For me, writing a book and sending it out for publication feels a little like sending my children off to school. How are they going to do? Will the other kids like them? Will they behave? Will anyone understand the effort I put in to raising them right? I know that you have to just send it off and hope for the best, but it’s difficult mothering such an unruly child. When a review and kudos like this come along, they bring grateful tears to my eyes.
When I was a teenager, my dad came home one night from work and hugged me. Just out of the blue. Now, my dad’s not really a demonstrative guy. I’d never had any doubt that he loved me, but hugs were for special occasions: birthdays, injuries, good report cards. If you’d been away on a trip—not just a weekend sleepover—yeah, a hug was due. He was glad to see me and I was glad to see him. But his return home from just another day at the office was not a ‘huggable’ event. A kiss from my mom was enough of a greeting for him.
On this particular evening, as far as I knew, I hadn’t done anything spectacular. I was a teenager; no one expected spectacular from me. Getting through those teen years was sometimes all anyone hoped for really, me included. Mostly, I think I was a relatively easy kid to raise—especially after my older brother. My parents didn’t pull their hair out too much over my moodiness, I paid attention in school, I was popular enough. You know, normal. So, I had no idea why my dad hugged me. When I asked, I was embarrassed by his answer. In a good way, though.
I had just spent the weekend with a close friend and gone out on a hike with her family. I didn’t know it, but my dad, a forester, was managing a timber sale with my friend’s father. At work that day, this father asked my dad if I was his daughter. After my dad admitted it was so, the guy shook my dad’s hand and congratulated him on having a good kid.
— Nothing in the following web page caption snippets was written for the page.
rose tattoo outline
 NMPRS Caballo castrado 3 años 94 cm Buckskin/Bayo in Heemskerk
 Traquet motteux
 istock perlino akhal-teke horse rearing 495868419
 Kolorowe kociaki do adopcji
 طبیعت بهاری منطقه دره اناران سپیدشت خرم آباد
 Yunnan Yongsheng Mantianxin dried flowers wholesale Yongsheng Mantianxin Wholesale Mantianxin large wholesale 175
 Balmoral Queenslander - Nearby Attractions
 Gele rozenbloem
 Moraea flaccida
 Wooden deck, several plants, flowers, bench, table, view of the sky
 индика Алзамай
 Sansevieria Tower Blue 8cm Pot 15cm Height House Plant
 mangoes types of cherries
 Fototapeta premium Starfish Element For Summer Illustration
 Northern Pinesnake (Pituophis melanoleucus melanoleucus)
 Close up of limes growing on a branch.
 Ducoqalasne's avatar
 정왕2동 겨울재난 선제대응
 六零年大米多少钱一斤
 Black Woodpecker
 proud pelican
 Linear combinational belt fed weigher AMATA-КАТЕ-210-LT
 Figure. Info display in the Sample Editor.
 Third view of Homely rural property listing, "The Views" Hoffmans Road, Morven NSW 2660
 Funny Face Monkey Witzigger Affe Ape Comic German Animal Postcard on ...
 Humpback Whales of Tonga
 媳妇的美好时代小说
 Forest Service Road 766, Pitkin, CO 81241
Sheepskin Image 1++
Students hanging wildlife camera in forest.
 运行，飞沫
He was impressed because I had picked up some trash on our hike and carried it back out of the woods.
This wasn’t a special thing to me; it was the way I had been raised. But it sure was to my dad. He got to find out—from a complete stranger—that all the hard work of being a parent had paid off. I feel that way about my book. The characters I loved writing went out into the world and did something good. It’s a small thing, like picking up a piece of trash, but they made me proud.
Of course, after I read the review, I hugged them, too.